13. A server and a personal information terminal device, wherein the personal information terminal device sends a command to the server to request various processing, and the server performs processing according to the command and displays the result. In the voice response system, which transmits the encoded voice data represented as a response message to the personal information terminal device, and the personal information terminal device receives and reproduces the encoded voice data, wherein the personal information terminal device is , Store one or more codebooks each composed of a code vector that is a vector representing a feature amount of speech represented as a multidimensional vector and a codeword that is a one-dimensional value corresponding to each code vector Codebook storing means and coded speech using the codebook stored in the codebook storing means Codebook managing means for managing the codebook means for decoding, and the codebook stored in the codebook storing means, using an identifier for identifying each codebook, and transmitting a command to the server, and At this time, transmitting means for transmitting the identifier of the codebook to be used, receiving means for receiving the encoded audio data transmitted from the server, and audio data recording means for storing the received encoded audio data.

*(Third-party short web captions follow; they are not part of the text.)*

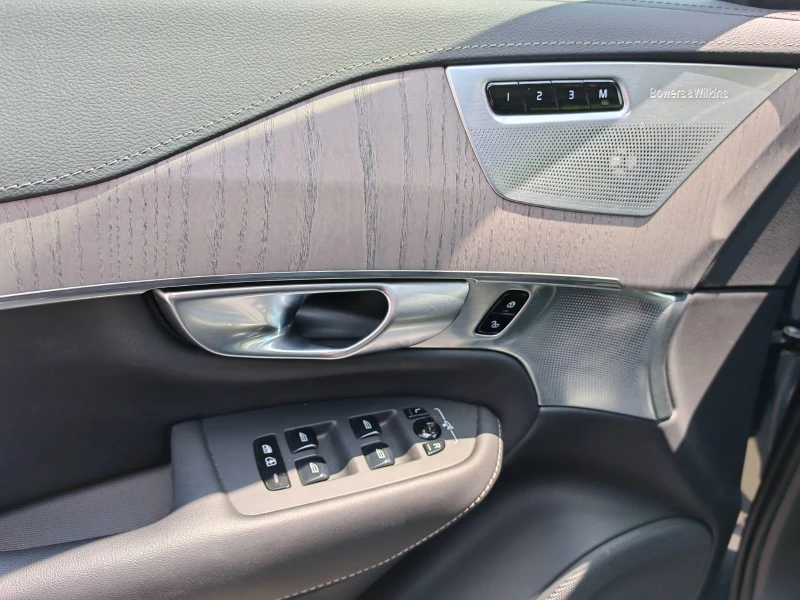 Volvo Xc90 II 2.0TwEn T8 PlugIn Hybrid 7места, снимка 11 - Автомобили и джипове - 53016338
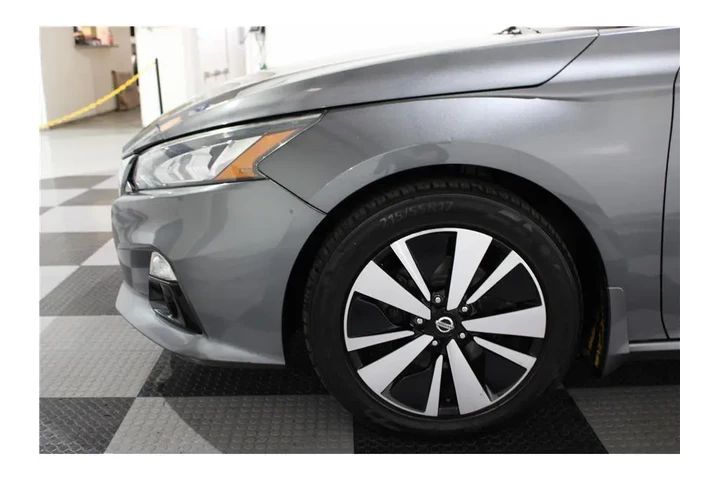 $16554 : Altima 2019 image 8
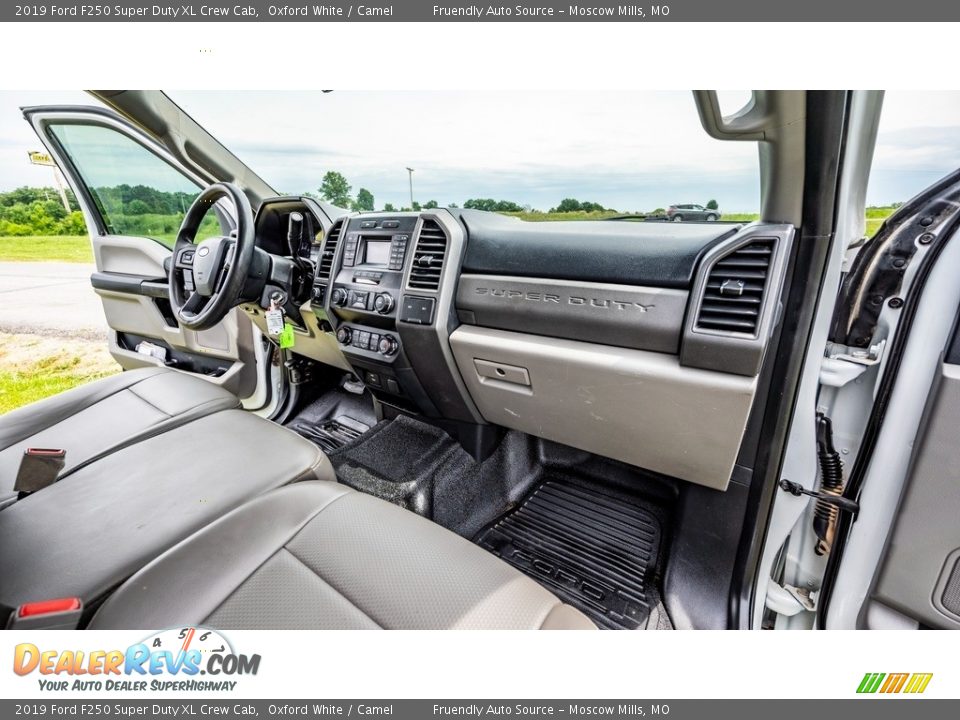 2019 Ford F250 Super Duty XL Crew Cab Oxford White / Camel Photo #21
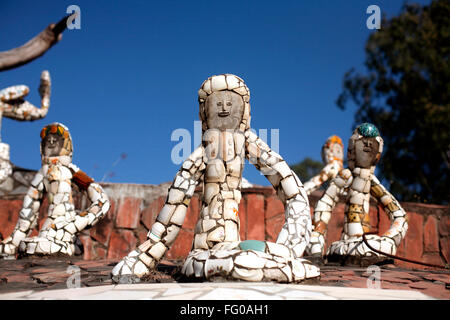 Figures de Rock Garden à Chandigarh Inde Territoire de l'Union européenne ; Banque D'Images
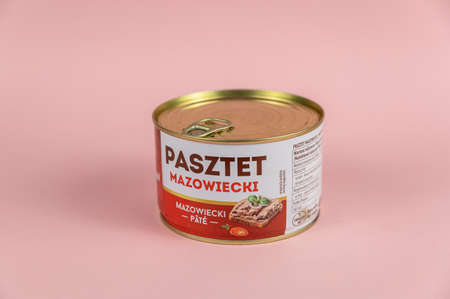 Canned in front of the pink background. A tin of Masowiecki pate. The Polish Sokolov brand. Ukraine, Nikolaev -05 25 2022のeditorial素材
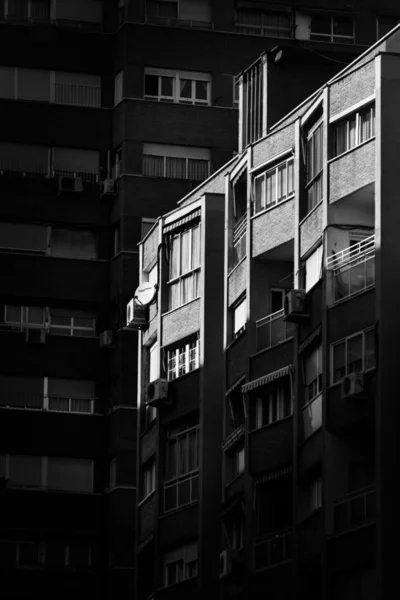 Preto e branco do edifício habitacional público vista no distrito de arganzuela, madrid (Espanha ) — Fotografia de Stock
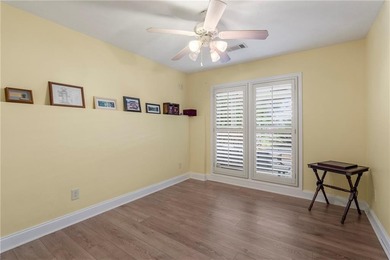 Welcome to your lakeside retreat! This beautifully updated - photo 34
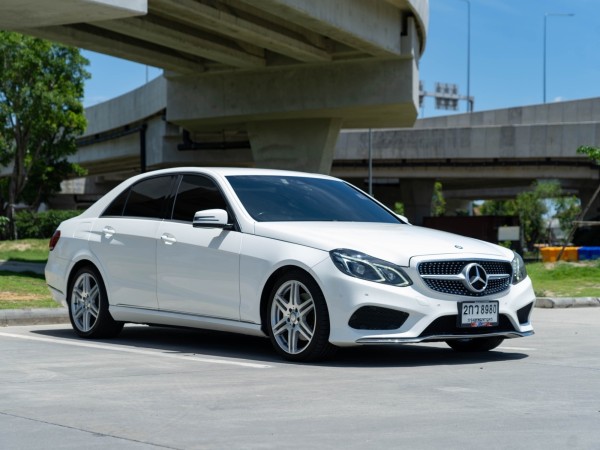 2014 Mercedes-Benz E-Class W212 E300 สีขาว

The server includes a receiving unit that receives a command and a codebook identifier transmitted from the personal information terminal device, and performs processing according to the command transmitted from the personal information terminal device, and outputs a processing result. Generating a response sentence from the application processing unit that performs the processing and the processing result of the application processing unit Response sentence generating means, a voice synthesizing means for synthesizing a voice in accordance with the generated response sentence, and the synthesized voice is encoded by using a codebook having an identifier designated by the personal information terminal device to A transmission means for transmitting to the information terminal device, and at the time of starting communication, the personal information terminal device exchanges the identifiers of the codebooks used by the server and makes the codebooks used coincide with each other. Voice response system.

14. The voice response system according to claim 13, wherein the command transmitted from the personal information terminal device to the server is a voice command.

15. The voice response system according to claim 13, wherein a flash memory is used as the voice data recording means.

16. The voice response system according to claim 13, wherein a flash memory is used as the codebook storage means.